## [Material provided]

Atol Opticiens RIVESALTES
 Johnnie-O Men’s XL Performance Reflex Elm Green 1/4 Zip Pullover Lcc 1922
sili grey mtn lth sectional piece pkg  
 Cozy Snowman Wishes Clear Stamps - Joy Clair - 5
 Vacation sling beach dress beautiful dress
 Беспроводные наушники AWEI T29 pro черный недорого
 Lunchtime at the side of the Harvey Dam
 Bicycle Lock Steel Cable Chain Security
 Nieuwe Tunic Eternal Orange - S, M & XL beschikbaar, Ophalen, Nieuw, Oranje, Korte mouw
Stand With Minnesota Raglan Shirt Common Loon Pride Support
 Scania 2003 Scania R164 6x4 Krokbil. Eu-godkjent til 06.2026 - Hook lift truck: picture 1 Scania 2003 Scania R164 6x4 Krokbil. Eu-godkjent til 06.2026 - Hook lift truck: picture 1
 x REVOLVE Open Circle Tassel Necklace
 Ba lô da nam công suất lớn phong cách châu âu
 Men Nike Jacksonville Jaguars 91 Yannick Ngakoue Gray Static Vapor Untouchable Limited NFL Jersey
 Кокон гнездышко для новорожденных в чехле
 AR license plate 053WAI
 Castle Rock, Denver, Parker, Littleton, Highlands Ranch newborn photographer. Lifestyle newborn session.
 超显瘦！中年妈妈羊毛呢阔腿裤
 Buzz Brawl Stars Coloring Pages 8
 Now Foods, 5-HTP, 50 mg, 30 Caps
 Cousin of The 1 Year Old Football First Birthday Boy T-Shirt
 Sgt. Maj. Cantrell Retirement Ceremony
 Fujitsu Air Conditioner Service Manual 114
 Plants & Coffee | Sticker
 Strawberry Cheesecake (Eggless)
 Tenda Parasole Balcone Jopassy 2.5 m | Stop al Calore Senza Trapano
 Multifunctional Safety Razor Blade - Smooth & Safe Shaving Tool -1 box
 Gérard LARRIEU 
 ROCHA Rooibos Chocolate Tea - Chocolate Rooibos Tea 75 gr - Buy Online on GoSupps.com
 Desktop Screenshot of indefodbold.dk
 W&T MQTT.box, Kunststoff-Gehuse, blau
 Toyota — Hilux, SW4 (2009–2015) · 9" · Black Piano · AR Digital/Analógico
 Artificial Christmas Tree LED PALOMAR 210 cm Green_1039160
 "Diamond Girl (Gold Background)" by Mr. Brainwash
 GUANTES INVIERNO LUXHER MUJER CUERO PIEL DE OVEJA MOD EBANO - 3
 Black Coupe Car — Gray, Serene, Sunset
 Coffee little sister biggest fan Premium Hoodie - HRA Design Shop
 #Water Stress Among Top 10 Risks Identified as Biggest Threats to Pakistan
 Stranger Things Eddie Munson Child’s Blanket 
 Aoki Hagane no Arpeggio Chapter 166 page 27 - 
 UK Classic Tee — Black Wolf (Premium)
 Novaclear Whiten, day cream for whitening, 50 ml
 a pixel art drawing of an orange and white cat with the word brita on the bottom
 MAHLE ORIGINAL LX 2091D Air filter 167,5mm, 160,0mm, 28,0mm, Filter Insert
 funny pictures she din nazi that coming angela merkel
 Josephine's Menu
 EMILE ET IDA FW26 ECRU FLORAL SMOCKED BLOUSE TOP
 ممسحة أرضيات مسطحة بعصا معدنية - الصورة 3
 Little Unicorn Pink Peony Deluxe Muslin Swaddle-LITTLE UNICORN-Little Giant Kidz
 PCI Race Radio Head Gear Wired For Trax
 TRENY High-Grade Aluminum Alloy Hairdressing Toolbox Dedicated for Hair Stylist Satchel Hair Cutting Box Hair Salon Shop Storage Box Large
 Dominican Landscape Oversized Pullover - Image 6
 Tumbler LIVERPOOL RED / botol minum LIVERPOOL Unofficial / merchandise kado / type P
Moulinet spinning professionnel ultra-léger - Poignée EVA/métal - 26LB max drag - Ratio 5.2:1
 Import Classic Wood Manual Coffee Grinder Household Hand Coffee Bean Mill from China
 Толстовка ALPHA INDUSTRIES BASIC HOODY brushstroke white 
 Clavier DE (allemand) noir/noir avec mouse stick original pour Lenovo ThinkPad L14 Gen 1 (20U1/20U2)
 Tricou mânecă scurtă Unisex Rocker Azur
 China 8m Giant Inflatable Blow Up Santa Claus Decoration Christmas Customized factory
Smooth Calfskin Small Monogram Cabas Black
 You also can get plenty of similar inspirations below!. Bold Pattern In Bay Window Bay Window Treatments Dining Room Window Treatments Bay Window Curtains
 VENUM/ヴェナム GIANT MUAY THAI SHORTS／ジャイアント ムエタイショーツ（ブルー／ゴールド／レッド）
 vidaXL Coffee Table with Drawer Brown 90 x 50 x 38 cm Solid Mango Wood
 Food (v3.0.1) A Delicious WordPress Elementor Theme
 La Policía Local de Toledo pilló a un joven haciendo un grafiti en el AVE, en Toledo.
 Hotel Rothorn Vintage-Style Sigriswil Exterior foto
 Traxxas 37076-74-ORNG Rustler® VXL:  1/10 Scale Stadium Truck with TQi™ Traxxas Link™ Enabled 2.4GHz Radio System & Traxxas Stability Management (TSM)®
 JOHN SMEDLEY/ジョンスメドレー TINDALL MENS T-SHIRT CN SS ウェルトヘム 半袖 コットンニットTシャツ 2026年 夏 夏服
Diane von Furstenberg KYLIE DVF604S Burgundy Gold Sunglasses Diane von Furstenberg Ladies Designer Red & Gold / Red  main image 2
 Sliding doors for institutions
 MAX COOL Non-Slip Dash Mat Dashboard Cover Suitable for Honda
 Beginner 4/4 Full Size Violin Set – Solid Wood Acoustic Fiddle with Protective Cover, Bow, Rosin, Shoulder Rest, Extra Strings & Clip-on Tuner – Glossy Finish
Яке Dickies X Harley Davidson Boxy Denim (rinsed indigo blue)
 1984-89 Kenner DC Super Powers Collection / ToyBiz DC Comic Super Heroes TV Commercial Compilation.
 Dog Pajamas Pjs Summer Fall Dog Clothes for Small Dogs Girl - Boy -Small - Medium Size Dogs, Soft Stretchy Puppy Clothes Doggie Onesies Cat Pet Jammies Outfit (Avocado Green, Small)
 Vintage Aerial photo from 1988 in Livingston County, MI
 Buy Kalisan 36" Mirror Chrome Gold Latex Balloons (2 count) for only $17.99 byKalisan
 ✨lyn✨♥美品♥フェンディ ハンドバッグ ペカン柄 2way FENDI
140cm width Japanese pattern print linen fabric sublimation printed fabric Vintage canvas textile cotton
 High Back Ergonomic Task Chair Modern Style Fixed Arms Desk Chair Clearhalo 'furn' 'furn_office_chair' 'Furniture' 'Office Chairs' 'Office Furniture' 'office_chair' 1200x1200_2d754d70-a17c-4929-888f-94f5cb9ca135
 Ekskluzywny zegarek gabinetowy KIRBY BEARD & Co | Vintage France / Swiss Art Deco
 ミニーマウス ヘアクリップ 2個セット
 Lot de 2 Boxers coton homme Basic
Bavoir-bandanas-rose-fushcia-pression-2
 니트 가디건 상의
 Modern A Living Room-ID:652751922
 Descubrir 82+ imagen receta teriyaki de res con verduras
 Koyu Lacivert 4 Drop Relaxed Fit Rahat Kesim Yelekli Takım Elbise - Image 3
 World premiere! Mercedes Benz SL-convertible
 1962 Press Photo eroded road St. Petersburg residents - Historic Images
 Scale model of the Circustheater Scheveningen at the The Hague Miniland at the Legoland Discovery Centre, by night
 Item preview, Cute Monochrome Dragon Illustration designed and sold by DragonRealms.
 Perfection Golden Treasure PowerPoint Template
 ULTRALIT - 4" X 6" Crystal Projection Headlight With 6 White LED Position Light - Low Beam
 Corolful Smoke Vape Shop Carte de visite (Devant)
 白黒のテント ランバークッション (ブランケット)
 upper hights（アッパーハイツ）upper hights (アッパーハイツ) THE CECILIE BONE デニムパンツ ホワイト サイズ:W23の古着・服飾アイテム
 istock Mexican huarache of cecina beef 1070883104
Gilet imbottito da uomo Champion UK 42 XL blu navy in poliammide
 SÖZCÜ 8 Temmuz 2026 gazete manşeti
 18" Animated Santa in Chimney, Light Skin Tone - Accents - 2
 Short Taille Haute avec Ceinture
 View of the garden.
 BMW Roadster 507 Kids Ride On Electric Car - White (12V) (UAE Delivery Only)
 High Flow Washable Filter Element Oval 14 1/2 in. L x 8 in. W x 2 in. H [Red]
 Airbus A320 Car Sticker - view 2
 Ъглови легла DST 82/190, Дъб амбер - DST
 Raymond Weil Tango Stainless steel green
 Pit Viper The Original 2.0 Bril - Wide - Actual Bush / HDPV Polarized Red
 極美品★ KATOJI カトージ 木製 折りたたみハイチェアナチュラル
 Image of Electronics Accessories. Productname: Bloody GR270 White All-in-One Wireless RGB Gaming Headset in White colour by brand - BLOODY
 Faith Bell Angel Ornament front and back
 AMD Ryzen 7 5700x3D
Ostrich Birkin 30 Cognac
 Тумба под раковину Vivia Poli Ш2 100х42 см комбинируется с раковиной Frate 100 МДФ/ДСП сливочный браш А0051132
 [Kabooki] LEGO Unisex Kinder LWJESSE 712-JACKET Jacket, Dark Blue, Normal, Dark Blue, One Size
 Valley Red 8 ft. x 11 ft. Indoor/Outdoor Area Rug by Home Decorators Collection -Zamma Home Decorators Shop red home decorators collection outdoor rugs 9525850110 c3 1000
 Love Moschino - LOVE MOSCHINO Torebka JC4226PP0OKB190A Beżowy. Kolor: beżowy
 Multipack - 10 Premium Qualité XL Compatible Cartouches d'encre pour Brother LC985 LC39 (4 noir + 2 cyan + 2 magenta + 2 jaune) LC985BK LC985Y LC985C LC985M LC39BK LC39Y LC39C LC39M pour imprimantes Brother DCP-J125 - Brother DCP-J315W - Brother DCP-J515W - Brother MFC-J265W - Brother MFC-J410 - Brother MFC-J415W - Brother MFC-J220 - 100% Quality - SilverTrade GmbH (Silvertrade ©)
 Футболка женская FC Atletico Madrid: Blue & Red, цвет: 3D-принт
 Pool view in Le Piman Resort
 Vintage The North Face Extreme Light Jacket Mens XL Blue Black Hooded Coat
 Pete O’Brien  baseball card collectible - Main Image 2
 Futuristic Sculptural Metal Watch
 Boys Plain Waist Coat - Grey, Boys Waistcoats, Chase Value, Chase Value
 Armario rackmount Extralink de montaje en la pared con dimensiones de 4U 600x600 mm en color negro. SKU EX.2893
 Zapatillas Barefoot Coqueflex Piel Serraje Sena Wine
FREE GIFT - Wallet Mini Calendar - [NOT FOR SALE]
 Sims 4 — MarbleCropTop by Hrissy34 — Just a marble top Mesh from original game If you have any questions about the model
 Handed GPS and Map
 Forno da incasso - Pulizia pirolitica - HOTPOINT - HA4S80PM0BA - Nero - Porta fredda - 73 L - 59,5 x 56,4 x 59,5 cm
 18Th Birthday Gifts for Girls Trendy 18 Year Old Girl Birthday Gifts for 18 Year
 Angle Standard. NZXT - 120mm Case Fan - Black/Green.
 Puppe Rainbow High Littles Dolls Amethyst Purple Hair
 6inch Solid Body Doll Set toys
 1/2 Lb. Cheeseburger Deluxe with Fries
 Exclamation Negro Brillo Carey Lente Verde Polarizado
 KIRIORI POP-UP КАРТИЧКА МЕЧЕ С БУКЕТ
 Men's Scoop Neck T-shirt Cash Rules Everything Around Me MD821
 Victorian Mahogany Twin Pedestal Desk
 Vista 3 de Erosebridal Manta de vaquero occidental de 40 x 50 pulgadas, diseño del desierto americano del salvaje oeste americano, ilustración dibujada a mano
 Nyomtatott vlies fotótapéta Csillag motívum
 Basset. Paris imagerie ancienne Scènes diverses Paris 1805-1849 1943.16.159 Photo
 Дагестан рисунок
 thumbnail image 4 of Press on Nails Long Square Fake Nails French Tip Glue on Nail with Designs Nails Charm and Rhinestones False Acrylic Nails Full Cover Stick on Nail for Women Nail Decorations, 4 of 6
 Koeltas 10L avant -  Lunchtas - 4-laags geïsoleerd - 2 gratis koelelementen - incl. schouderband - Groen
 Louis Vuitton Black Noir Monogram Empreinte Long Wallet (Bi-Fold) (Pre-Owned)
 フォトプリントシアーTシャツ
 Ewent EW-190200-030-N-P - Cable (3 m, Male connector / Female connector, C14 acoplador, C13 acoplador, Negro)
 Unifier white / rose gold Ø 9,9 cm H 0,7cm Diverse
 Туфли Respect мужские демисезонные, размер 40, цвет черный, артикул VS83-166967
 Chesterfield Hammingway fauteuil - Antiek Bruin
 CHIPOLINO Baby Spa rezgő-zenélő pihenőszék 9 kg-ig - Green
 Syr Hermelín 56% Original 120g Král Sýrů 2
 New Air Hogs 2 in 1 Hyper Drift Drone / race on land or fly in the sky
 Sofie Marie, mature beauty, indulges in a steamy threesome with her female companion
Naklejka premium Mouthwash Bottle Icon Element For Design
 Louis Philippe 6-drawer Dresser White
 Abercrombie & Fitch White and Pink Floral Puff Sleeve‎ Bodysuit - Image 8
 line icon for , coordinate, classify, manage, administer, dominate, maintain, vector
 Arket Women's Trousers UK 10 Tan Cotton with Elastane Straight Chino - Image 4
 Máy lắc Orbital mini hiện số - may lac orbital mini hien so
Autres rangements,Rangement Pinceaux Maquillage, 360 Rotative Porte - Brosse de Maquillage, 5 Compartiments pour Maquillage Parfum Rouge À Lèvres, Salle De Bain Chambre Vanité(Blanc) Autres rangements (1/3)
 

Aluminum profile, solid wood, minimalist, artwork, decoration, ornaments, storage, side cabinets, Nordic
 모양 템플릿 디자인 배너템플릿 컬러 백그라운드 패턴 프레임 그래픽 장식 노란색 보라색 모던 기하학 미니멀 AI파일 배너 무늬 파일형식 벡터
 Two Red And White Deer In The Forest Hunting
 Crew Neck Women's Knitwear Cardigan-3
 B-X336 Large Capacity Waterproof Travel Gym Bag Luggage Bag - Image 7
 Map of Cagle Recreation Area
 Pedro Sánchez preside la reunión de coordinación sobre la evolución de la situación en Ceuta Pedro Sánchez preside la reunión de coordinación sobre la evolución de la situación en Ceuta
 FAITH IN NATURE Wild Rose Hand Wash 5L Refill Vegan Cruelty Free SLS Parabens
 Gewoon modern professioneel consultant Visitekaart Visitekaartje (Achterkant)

## [Task item]
Copy out the range of lines above starting at the line with "Buzz Brawl Stars Coloring Pages 8" and ending at the line with "GUANTES INVIERNO LUXHER", exactly and including both.

## [Response]
 Buzz Brawl Stars Coloring Pages 8
 Now Foods, 5-HTP, 50 mg, 30 Caps
 Cousin of The 1 Year Old Football First Birthday Boy T-Shirt
 Sgt. Maj. Cantrell Retirement Ceremony
 Fujitsu Air Conditioner Service Manual 114
 Plants & Coffee | Sticker
 Strawberry Cheesecake (Eggless)
 Tenda Parasole Balcone Jopassy 2.5 m | Stop al Calore Senza Trapano
 Multifunctional Safety Razor Blade - Smooth & Safe Shaving Tool -1 box
 Gérard LARRIEU 
 ROCHA Rooibos Chocolate Tea - Chocolate Rooibos Tea 75 gr - Buy Online on GoSupps.com
 Desktop Screenshot of indefodbold.dk
 W&T MQTT.box, Kunststoff-Gehuse, blau
 Toyota — Hilux, SW4 (2009–2015) · 9" · Black Piano · AR Digital/Analógico
 Artificial Christmas Tree LED PALOMAR 210 cm Green_1039160
 "Diamond Girl (Gold Background)" by Mr. Brainwash
 GUANTES INVIERNO LUXHER MUJER CUERO PIEL DE OVEJA MOD EBANO - 3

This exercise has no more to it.